__Data shown__.
Content starts

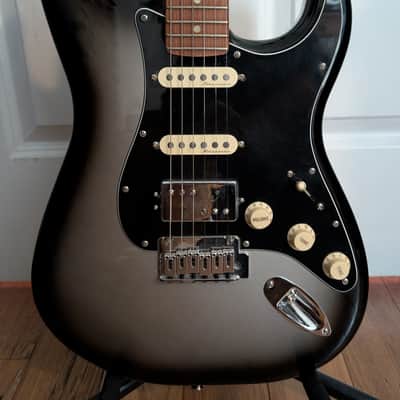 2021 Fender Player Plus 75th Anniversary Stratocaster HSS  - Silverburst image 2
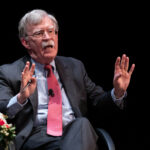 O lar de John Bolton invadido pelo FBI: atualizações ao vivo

Content ends
Content starts

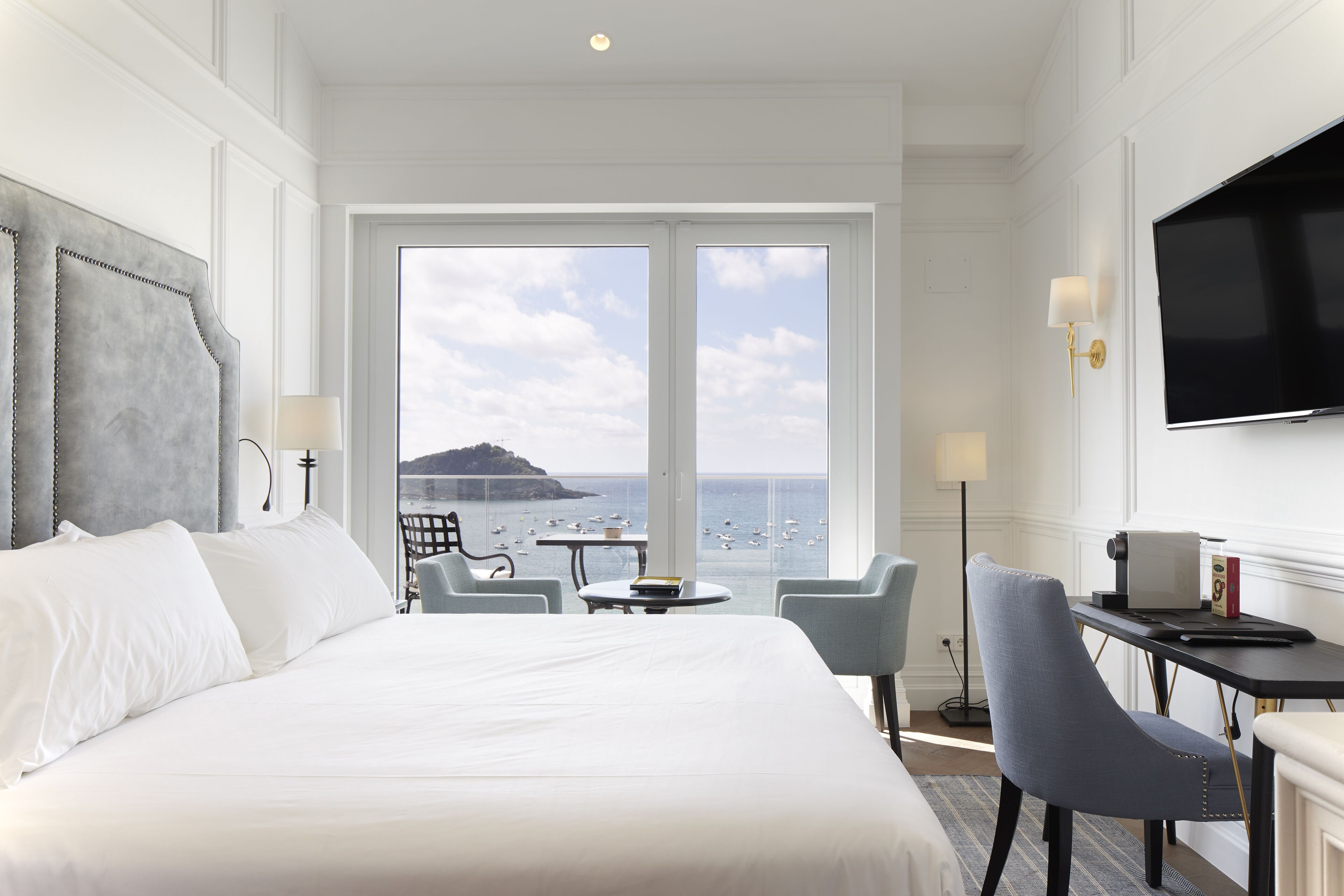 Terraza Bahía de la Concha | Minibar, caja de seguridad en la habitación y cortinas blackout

Content ends

__What you need to do__.
In the listing above, find the line with "2021 Fender Player" and the line with "O lar de John". Set down both and every line between them, minus the pictures.

__Task result__.
 2021 Fender Player Plus 75th Anniversary Stratocaster HSS  - Silverburst image 2
 O lar de John Bolton invadido pelo FBI: atualizações ao vivo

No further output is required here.